Hello, British people! (And a goodbye to Chicago hot dogs)

Here’s the first of a monthly series of columns I’ll be writing from abroad, as originally published in my hometown paper, the Barrington Courier-Review.

I remember in fifth grade when graphing calculators were the hot thing and everybody had one. It wasn’t that we wanted to do math and crunch numbers; we just wanted to play all of the games you could download onto them – most notably, Tetris. The time-pressure crunch of having to arrange oddly shaped blocks into neat rows proved addictive for many, but I for some reason never got hooked. Instead, I stayed true to my Garfield comics while watching the hardcore Tetris players from afar.

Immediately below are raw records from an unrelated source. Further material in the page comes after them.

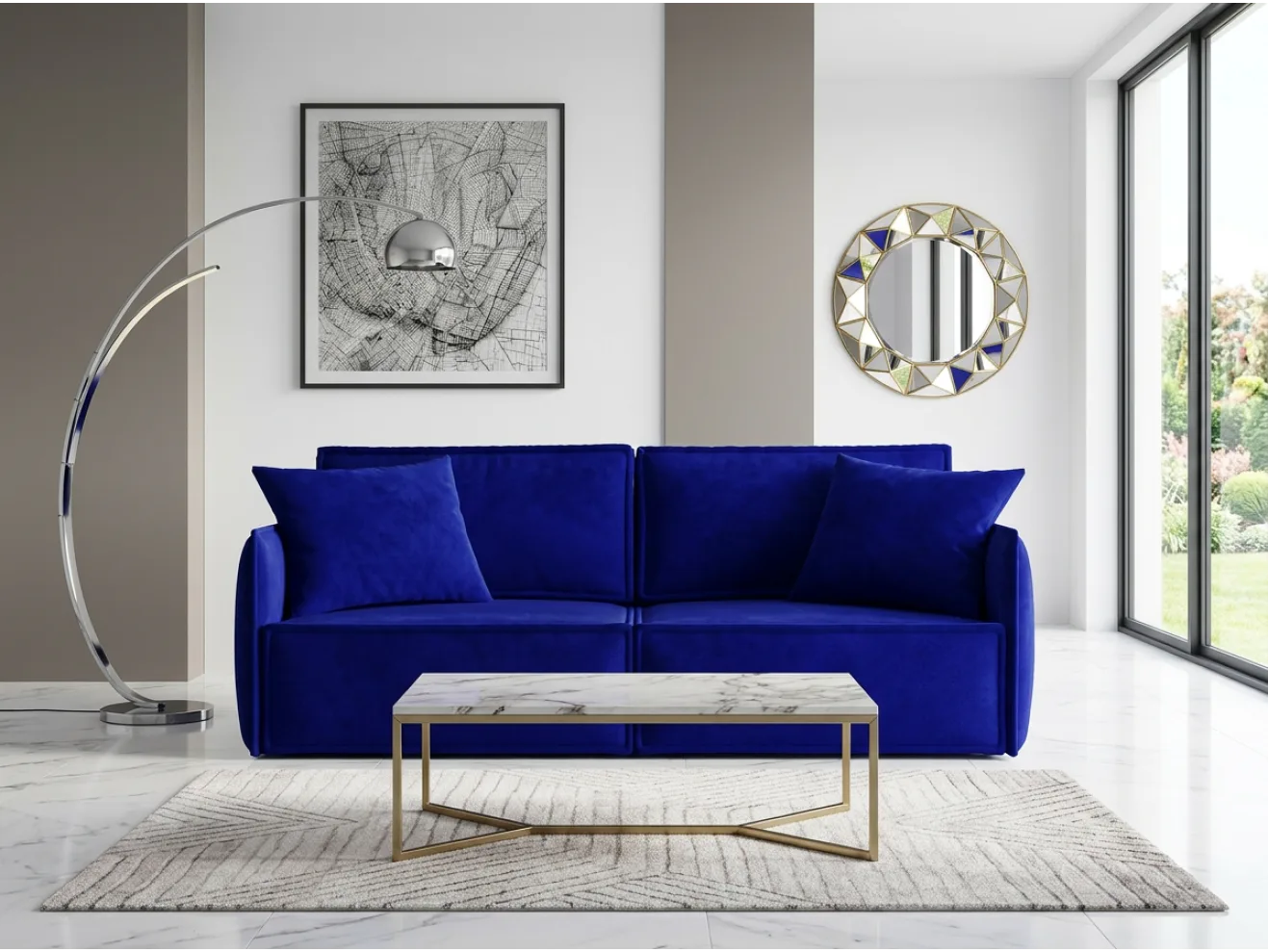 Диван-кровать Стенли, велюр Zara Blue (Зара Блю) арт. 225269
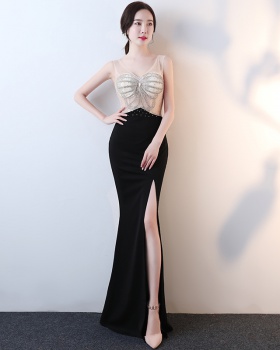 Long model V-neck formal dress sexy catwalk long dress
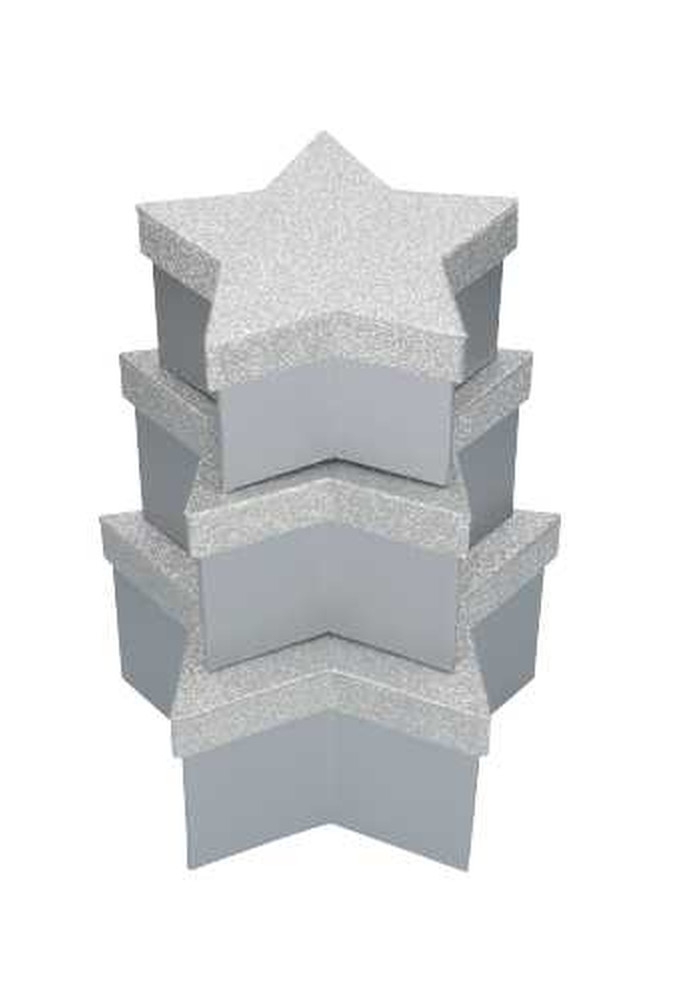 Geschenkdoos Met Deksel Glitter Ster Zilver Middel 19x19x9.5cm 1stuks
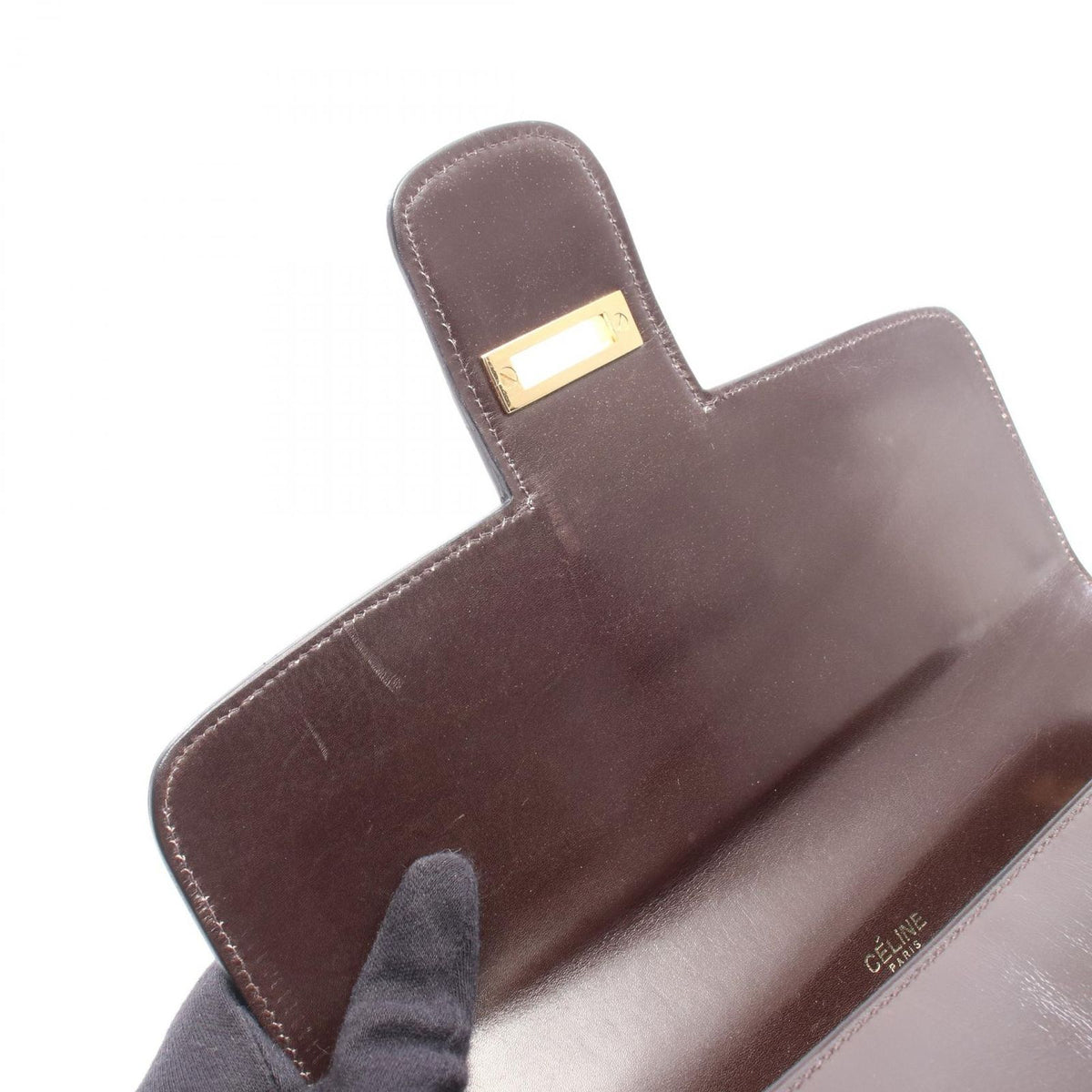 Celine Shoulder Bag Horse Carriage Dark Brown Leather — view 6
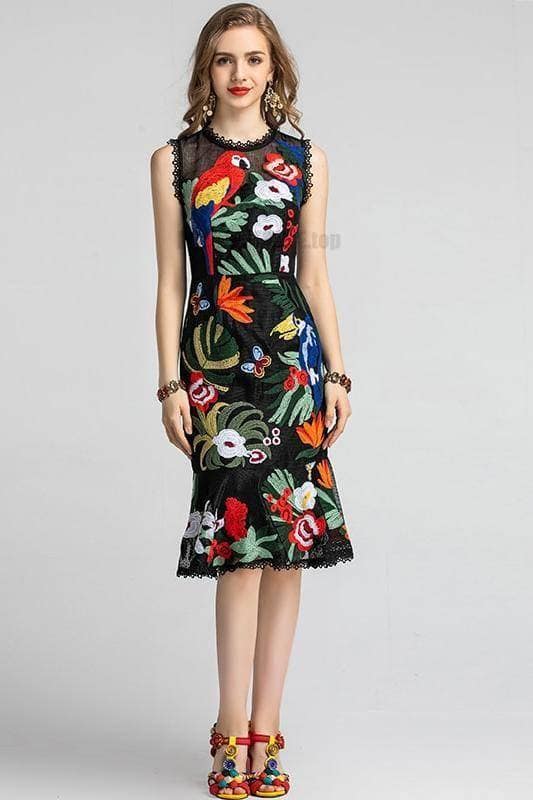 Best Bodycon Mermaid Ruffles Embroidery Dress BEST BODYCON DRESSES color: Multi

But now, as I write these words while looking out onto an English patio in an English townhouse in an English neighborhood in London, what comes back to me most vividly is that game of Tetris. One would think that adjusting to a country where everyone supposedly speaks your native language should be an easy process, especially when that country is the one that birthed you, in a historical sense, just a couple centuries ago. But it’s the little things that add up quickly, just like those blocks in Tetris that would come down onto the screen and were never the right shape and before you knew it you’d have a “GAME OVER” message blinking at you mercilessly. From the credit cards that use a chip and PIN system to British words (aubergine for eggplant, loo for bathroom) and a different sizing system for clothes, things are just (slightly) different here.

And so, when I tell people that I’m “studying abroad” on a Fulbright for the year, their immediate reaction is to ask, “Where?” When I tell them I’m going to be in England, their faces contort into a confused, even sorry expression: “Why’d you choose to go there? That’s not exotic at all.” They’re right to some degree, but in other regards, I’m in an otherworldly realm where pants means underwear and some of the institutions here are older than my country (Hello there, Queen Elizabeth II!).

This past summer, I lived in New York City as a law bureau reporter for the Wall Street Journal. In my free time, I often hung out with friends from college who had made a permanent move to the city after commencement. Inevitably, we talked a lot about what preoccupies the minds of college graduates around the world: money.

We came to two conclusions.

One: If you want things in life, you need money to buy them. Those things might be a toothbrush, a pet, an apartment (I mean flat) or a tomato. But no matter what, you need money.

Two: Some paths in life will make you more money than others.

What we never figured out, though, was an answer to the question of how important a role money should play when you are deciding what dreams of yours to pursue. Is landing that first job really all about the money and starting a stable lifestyle? Or is it an unspoken rule that you can live from temp job to temp job so long as you are in your twenties and are working towards your pie-in-the-sky aspirations?

The year ahead poses a chance for me to think about all this “Life Stuff,” without having to worry immediately about the money stuff. It’s an opportunity I’m utterly grateful for, as I know how much a privilege it is in our day to have even a few minutes to think to yourself, let alone several months. And as I go about my studies at Oxford, both by hitting the books and watching British television, I’ll share with you what I learn as a hopeful, probably naïve twenty-something-year-old trying to figure some stuff out.